Search code examples
macospdfimagemagickocrtesseract

Batch OCR of 5800+ PDF written in German Fraktur


I would like to batch OCR about 5800 PDF (consisting each between 2 to 6 pages from my last question here) with open source command line tools on a Mac. The main propose of this adventure is that I want to retrieve as reliable as I can names (surnames most importantly) from the text of all these PDF. Here is an example how an issue looks like.

At this point, I do not know exactly how to proceed. What would you do?

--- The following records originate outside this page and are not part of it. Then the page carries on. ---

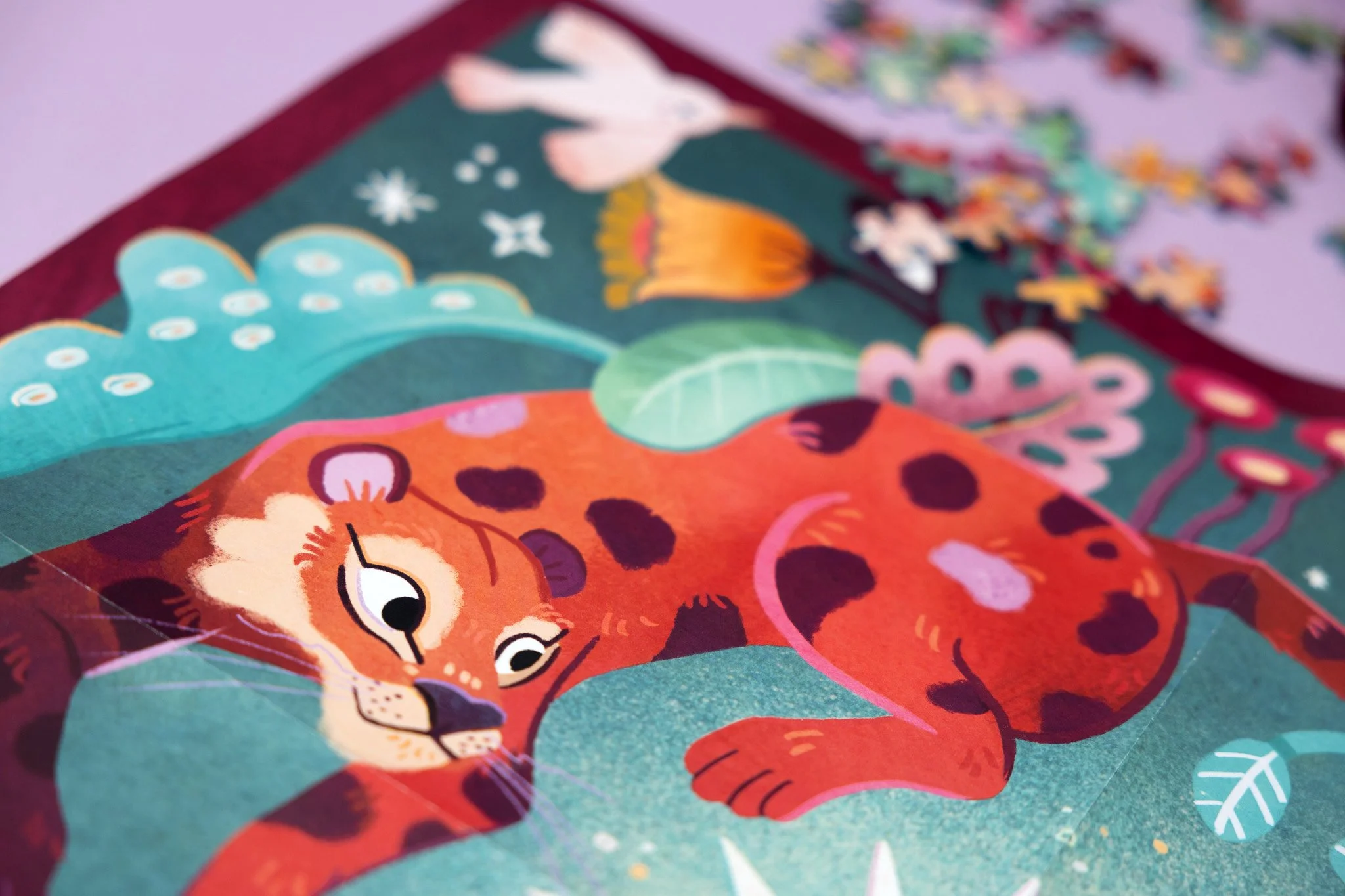 Colorful illustration of a resting leopard surrounded by plants and abstract elements.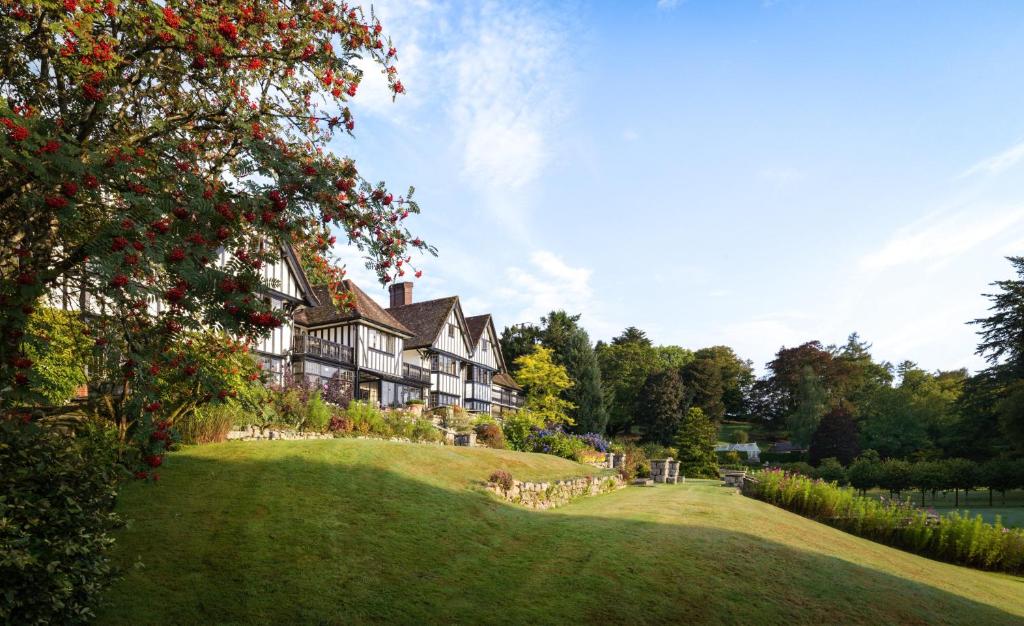 查格福德Gidleigh Park- A Relais & Chateaux Hotel的一座大房子,位于一座小山上,拥有绿色庭院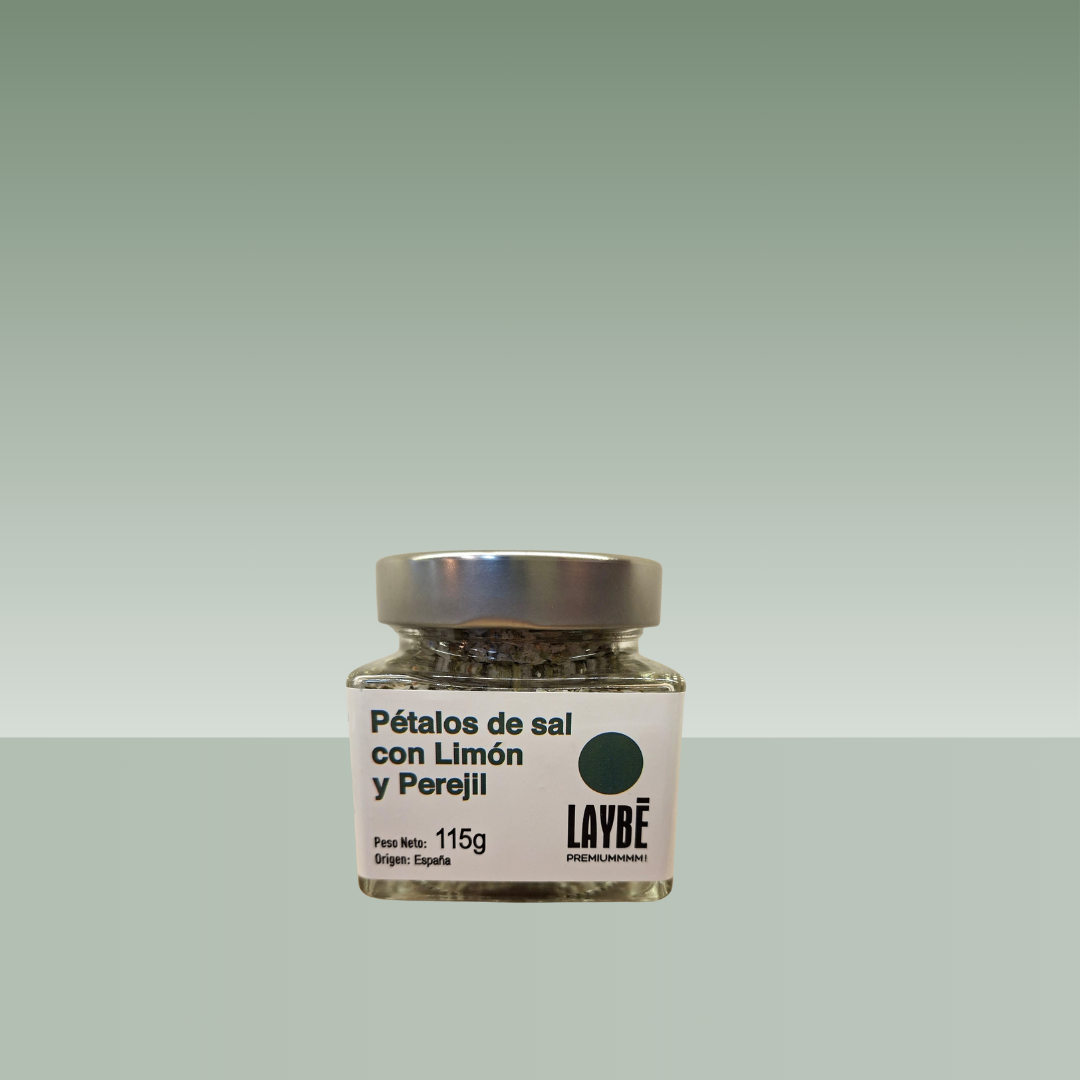 Tarro de pétalos de sal Laybé con limón y perejil, formato cuadrado de 100 g, ideal para realzar pescados, ensaladas y platos mediterráneos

I had in mind to first convert all multipage PDF to a single page image as either png, jpg, or tif and move all images related to one PDF into a respective folder with the following command:

time for i in *.pdf; do mkdir "${i%.pdf}"; convert -colorspace GRAY -resize 3000x -units PixelsPerInch  "$i" "${i%.pdf}.jpg”; mv *.jpg "${i%.pdf}"; done 

As a second step, I would have the issue that my OCR script would need to enter each folder, do its magic, and leave it in order to proceed with the next. I do not know how to write this. The core of the script would be:

tesseract --tessdata-dir /usr/local/share/tessdata/ --oem 3 --psm 11 -l deu_frak *.jpg test.txt 

As the PDF represent old newspaper article, which have been published almost every day between 1810 and 1832, they are written in German Fraktur. This font seems to be particularly challenging for tesseract. My text output is normally scrambled, e. g. on the above linked article I would get only between 791 to 801 diacritics detected for the first page. Names are at risk not be identified as such depending on the chosen options.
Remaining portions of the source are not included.